Bencharking issue with b.StartTimer and b.StopTimer. Was: Benchmark using b.StopTimer and b.StartTimer has unexpected behaviour

Orson Cart

unread,

Mar 24, 2020, 4:24:08 PM3/24/20

to golang-nuts

I posted this earlier but I realised that the code had a fundamental error in it. I've corrected here it but the underlying problem still exists.

I've recently started using go test's benchmarks support and I'm particularly interested in understanding the benchmark timer functions. I've been getting results that I found surprising and I was wondering if anyone could explain what's going on here.

The code below has three benchmarks that each invoke a single function (foo). The implementation of foo isn't important, it's just there to consume some time:

- foo is called once per iteration in Benchmark1.

- It's called twice per iteration in Benchmark2 so I'd expect Benchmark2's duration to be nominally twice that of Benchmark1.

- It's also called twice per iteration in Benchmark3 but the first call is wrapped in b.StopTimer and b.startTimer calls. Because of this I'd have expected Benchmark3 to be about the same duration as Benchmark1

Apologies for the length of the example but I didn't think it fair to ask the question and leave anything out.

package demo_test

import (

"strconv"

"testing"

)

var Foo1 []string

var Foo2 []string

var Count int = 32767

func Benchmark1(b *testing.B) {

for i := 0; i < b.N; i++{

Foo1 = foo(Count)

}

func Benchmark2(b *testing.B) {

for i := 0; i < b.N; i++{

Foo1 = foo(Count)

Foo2 = foo(Count)

}

func Benchmark3(b *testing.B) {

for i := 0; i < b.N; i++{

b.StopTimer()

Foo1 = foo(Count)

b.StartTimer()

Foo2 = foo(Count)

}

func foo(count int) []string{

testData := []string{}

for i:= 0; i < count; i++ {

testData = append(testData, strconv.Itoa(i))

}

return testData

}

When the benchmarks are run the results are as follows:

Benchmark1-4 351 3345215 ns/op

Benchmark2-4 166 7206582 ns/op

Benchmark3-4 334 3457907 ns/op

PASS

ok bar.com/benchmarks 6.881s

OK benchmark3 is a little slower than Benchmark1 but that's not what's bothering me. It's this: if I now change Count to something much smaller the results are a surprise, at least to me. Here are the results when Count = 8:

Benchmark1-4 2706196 442 ns/op

Benchmark2-4 1357482 873 ns/op

Benchmark3-4 840729 1387 ns/op

PASS

ok bar.com/benchmarks 23.547s

The ratio of timings for Benchmark1 and Benchmark2 are roughly in line with expectations but I was surprised to see that the timings for Benchmark3 are now larger than those for Benchmark2.

Can anyone explain this?

TIA

Orson

Robert Engels

unread,

Mar 24, 2020, 4:49:55 PM3/24/20

to Orson Cart, golang-nuts

Can you please succinctly explain the problem?
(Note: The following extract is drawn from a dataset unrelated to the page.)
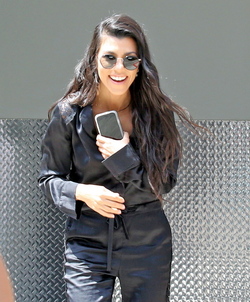 Kim And Kourtney Crack Up On Snapchat Kim And Kourtney Crack Up On Snapchat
On Mar 24, 2020, at 11:24 AM, Orson Cart <objectiv...@gmail.com> wrote:

--
You received this message because you are subscribed to the Google Groups "golang-nuts" group.
To unsubscribe from this group and stop receiving emails from it, send an email to golang-nuts...@googlegroups.com.
To view this discussion on the web visit https://groups.google.com/d/msgid/golang-nuts/38f10940-a770-4fc5-86a9-19cc1371152a%40googlegroups.com.

Orson Cart

unread,

Mar 24, 2020, 5:46:44 PM3/24/20

to golang-nuts

On Tuesday, 24 March 2020 16:49:55 UTC, Robert Engels wrote:

Can you please succinctly explain the problem?

Let's see. Benchmarks can yield incorrect results when b.StopTimer and b.StartTimer are used.

My reasoning:

1/ I have a benchmark that calls a single function. The reported duration is T.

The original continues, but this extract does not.